Role-playing game adventure

The Breeder Bombs is a role-playing game adventure published by TSR in 1984 for the Marvel Super Heroes role-playing game.

==Plot summary==
The Breeder Bombs is an adventure scenario in which the X-Men must stop Magneto by finding and deactivating his four dirty radioactive bombs. Magneto is assisted by other super-villains who attack the X-Men at locations in the United States, USSR, Australia, and Chile. The players use the X-Men members as player characters, who are attacked in their headquarters. The adventure unfolds over seven chapters in which the characters search for the "breeder" bombs which have been designed to increase worldwide radiation levels and therefore result in millions of new mutations.

==Publication history==
MH1 The Breeder Bombs was written by Jeff Grubb, and was published by TSR, Inc., in 1984 as a 16-page book, a large color map, and an outer folder. This scenario has 16 pages, and is packed with a cover folder containing character details and a double-sided 22"x17" map.

==Reception==
Craig Sheeley reviewed the adventure in Space Gamer #70. Sheeley felt that "Breeder Bombs should please any X-Men fan: it features plenty of slugfests, lots of chances to display the X-Men's prowess, and a lineup of some major Marvel villains, including the justly-feared Sentinel robots." He called the maps "well-made" and noted that the Danger Room level of the X-Mansion was "a welcome addition to the amp in the original game". He commented that "TSR made one major mistake with the adventure: They forgot to include counters for the X-Men and their foes in the game set. The counters are a must for the map movement and add greatly to the game, and the only counter available is the Wolverine counter from the basic game." Seeley concluded his review by saying, "Breeder Bombs is a pretty expensive adventure to come without counters, and kind of simple at that: the characters are more led around by their noses than by any merit of their own. Still, if what you want is plenty of combat, Breeder Bombs is your baby."

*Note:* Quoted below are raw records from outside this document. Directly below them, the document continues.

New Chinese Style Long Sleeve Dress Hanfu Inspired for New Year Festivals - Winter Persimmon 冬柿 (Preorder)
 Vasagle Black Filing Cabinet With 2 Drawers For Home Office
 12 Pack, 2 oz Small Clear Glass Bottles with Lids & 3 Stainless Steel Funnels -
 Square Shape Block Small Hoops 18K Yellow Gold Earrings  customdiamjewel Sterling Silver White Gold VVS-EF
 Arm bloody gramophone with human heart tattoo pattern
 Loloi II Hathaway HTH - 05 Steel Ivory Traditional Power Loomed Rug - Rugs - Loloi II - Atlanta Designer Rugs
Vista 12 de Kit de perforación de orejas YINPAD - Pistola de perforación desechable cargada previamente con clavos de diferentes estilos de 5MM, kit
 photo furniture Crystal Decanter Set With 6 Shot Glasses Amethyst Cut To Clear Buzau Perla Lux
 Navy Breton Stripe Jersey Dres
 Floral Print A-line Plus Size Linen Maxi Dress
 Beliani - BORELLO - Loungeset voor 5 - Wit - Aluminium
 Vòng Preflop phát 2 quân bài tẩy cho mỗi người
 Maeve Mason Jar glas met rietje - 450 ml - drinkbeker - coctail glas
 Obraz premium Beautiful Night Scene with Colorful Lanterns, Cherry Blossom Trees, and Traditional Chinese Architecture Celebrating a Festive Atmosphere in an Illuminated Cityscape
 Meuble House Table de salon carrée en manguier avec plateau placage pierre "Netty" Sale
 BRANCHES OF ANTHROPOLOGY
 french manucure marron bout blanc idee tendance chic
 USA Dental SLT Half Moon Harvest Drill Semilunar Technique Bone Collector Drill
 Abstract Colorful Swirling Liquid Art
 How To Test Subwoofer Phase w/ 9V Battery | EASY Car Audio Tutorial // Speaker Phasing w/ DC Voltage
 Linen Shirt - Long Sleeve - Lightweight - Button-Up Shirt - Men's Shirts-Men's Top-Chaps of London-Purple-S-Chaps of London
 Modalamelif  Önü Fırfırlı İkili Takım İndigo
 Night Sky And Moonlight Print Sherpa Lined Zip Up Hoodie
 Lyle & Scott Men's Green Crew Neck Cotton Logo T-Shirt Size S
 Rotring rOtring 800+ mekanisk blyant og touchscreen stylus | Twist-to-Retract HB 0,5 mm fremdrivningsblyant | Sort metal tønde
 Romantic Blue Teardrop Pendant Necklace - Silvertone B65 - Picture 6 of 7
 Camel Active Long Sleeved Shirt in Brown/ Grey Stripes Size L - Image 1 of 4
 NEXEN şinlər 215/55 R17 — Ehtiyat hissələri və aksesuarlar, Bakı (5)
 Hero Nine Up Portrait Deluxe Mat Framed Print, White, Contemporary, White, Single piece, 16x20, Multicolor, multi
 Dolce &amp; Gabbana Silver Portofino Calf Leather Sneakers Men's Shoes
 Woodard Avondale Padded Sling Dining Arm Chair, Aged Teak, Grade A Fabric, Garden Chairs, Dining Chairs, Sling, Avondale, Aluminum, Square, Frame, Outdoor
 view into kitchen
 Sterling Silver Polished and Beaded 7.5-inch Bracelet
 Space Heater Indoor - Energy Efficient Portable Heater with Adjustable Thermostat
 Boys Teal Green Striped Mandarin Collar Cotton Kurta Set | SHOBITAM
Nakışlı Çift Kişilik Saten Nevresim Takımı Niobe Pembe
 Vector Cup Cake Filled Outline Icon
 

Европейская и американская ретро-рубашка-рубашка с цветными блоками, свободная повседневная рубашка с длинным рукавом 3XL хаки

Marcus L. Rowland reviewed The Breeder Bombs for White Dwarf #62, rating it 7/10 overall. He stated: "There are several tricks and twists, which lead to an amusing and apocalyptic conclusion." Reviewing the adventures The Breeder Bombs, Time Trap, and Murderworld! together, Rowland declared that "All three adventures work reasonably well, but stress combat above role-play or campaign development. None give any opportunity for the characters to use their secret identities (an important feature of the game rules), all are extremely violent."

Larry DiTillio reviewed The Breeder Bombs for Different Worlds magazine and stated that "At its price The Breeder Bombs is a good buy and if you're into Marvel Super Heroes and like the X-Men (is there anyone who doesn't?) you should enjoy it."